Tuesday, June 02, 2009

I FOUND IT!! (An Accidental Diatribe on the History of Table Top War and Role Playing Games)

See Yesterday's Post First.

I knew I had seen it somewhere recently, I knew I had seen it and that seeing it is what had jogged my memory of it—I couldn't remember where I had seen it though.

The Program is Called Vassel Game Engine.

Looking through the games available, it appears that the reason the program was created, was primarrily for those that play war simulation games. Have you seen these games?

These Games Come With manuals that are books. They come with pages and pages of Chits that need to be punched out. They come with large maps made of hexagons, and you generally have to have a pretty good grasp on war history and be very good at strategy to play them. And they take a long time to play, people leave these things up for months. At least that's the impression that I get—I've never really wanted to play those games.
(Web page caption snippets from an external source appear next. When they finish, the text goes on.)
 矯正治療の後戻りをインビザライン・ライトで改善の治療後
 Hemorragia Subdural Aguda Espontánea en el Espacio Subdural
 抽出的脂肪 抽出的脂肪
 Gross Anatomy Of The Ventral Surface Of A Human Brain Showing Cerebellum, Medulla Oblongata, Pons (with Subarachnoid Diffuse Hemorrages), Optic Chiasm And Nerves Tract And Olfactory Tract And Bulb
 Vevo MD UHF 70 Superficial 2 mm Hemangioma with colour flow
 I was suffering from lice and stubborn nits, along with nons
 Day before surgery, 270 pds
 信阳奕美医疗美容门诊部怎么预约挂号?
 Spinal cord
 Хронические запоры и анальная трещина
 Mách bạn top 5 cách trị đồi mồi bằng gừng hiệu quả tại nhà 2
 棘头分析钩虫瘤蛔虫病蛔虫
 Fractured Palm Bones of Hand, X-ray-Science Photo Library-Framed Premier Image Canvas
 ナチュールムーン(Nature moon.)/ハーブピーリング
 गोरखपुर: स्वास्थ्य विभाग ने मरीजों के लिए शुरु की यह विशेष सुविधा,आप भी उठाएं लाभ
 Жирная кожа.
What's facinating about these historical war strategy games, is that they are the direct ancestry of the Table Top Roll Playing Games that I enjoy so much. Table Top War Gaming has a long history. In 1911 H.G. Wells wrote a book called Floor Games, and in 1913 another book titled Little Wars. These were structured rule sets for tabletop war-gaming. In 1971 Gary Gygax and Jeff Perren published Chainmail, a rule set for Medieval War-gaming in a Fantasy setting, meant to capture the feeling of the Swords and Sorcery pulp fiction of the 1920's (i.e. Robert E. Howard's Conan the Barbarian).

Swords and Sorcery Fantasy is different from Contemporary Fantasy. The main difference is level of magic. Swords and Sorcery is often referred to as Low Fantasy; the Villains are Human, there is a little bit of Magic, and there are some Fantastic Creatures (i.e. Conan). Contemporary Fantasy is often referred to as High Fantasy. Magic is everywhere, Wizards abound and Dragons Fill the Skies (i.e. Lord of the Rings).

Chainmail was a proper war-game, where each figure represented a group of units. Dave Arneson used the Chainmail rules in a setting he named Blackmoor; but instead of having each player represent several units, he had them represent an individual—and thus Dungeons and Dragons was born (originally published by Gygax and Arneson in 1974), the father of Table Top Role Playing Games.

But I didn't mean to get in to a diatribe about the history of Table Top Gaming. I just wanted to mention that in attempting to repair my Windows 2000 machine—I saw a Vassal Windows folder in the Desktop Folder, and knowing the name I could easily find the website. Someone even already started the work and has Zombies!!! and three expansions already available.

By the way, does anyone have a ntfs.sys from Windows 2000 service pack 4 handy?